Environmental Quality Incentive Program - EQIP
What is EQIP?
Program is a program authorized by the 2002 Farm Bill; otherwise known as the Farm Security and Rural Investment Act of 2002. It was signed into law on May 13, 2002. It is codified in Title II - Conservation, Subtitle D - Environmental Quality Incentives, sec. 2301.
What does it do?
EQIP offers financial and technical help to assist participants install or implement structural and management practices on eligible agricultural land. Provides incentives in the form of cost share payments to implement conservation practices including forestry management practices on non-industrial private forestland. Program focus is geared towards livestock and agricultural production interests. The majority of practices will likely be funded at 50%. Limited resource producers and beginning farmers and ranchers may be eligible for cost-shares up to 90%.
Who administers the program?
The USDA Natural Resource Conservation Service (NRCS) administers the program. Sixty percent of the funding will be earmarked for livestock production practices, including grazing. There isn't a set amount designated for forestry related practices.
Who is eligible to receive this funding?
Agricultural producers, individual or entities engaged in livestock, agricultural production or forestry management may participate. Eligible land includes cropland, rangeland, grassland, pasture and private non-industrial forestland.
What practices are eligible for financial assistance?
The State Conservationist, with advice of the State Technical Committee, identifies which conservation practices are eligible. Local work groups assist in identifying practices to treat the locally identified resource concerns.

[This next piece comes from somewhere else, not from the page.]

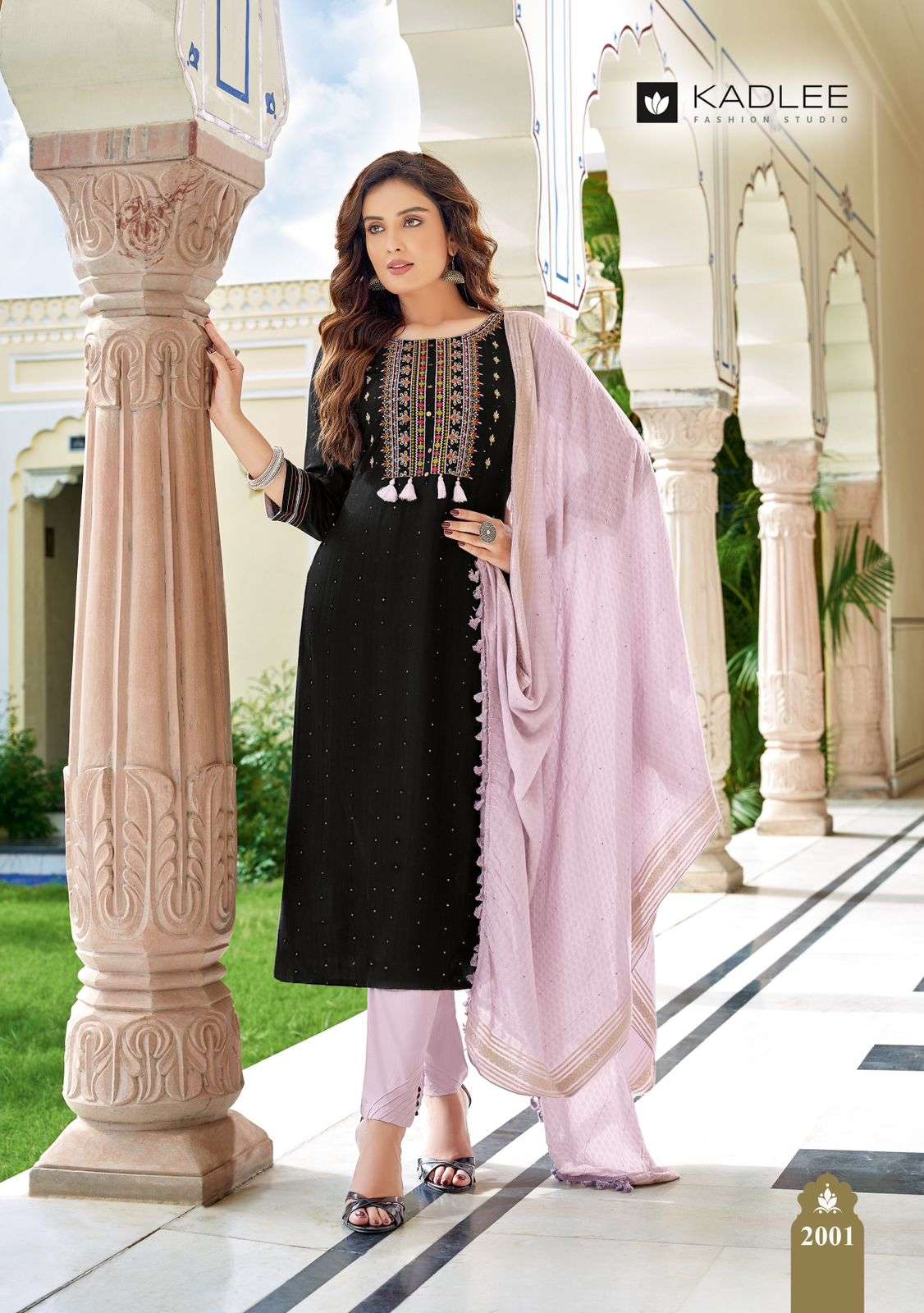 KADLEE Devika Kurti Wholesale catalog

All practices must be implemented in conformance to NRCS standards and specifications. Examples of practices include nutrient management, manure management, integrated pest management, irrigation water management and wildlife habitat enhancement. The bill allows for cost share assistance for forestry management practices provided they are acceptable to the above mentioned committees and groups. This is where opportunities exist for forestry to make inroads.
What is the State Technical Committee?
It is an entity authorized under law to provide advice to NRCS State Conservationist on implementation of conservation programs. The membership of the Committee includes representatives of Federal, State and local government agencies, tribes, non-government organizations, conservation districts, business and agriculture producers.
Who serves on the local work groups?
These groups, convened by the conservation district, include representatives from the conservation district board, NRCS, FSA county committees and staff, the Cooperative State Research, Education and Extension Service. Other Federal, State, local agencies and agricultural producers are also represented on the local work groups. Forestry minded individuals should gain access to these groups promoting forestry to secure acceptance and funding of forestry conservation practices.
Where can I get additional information?
Click here to go to the USDA Natural Resource Conservation Service.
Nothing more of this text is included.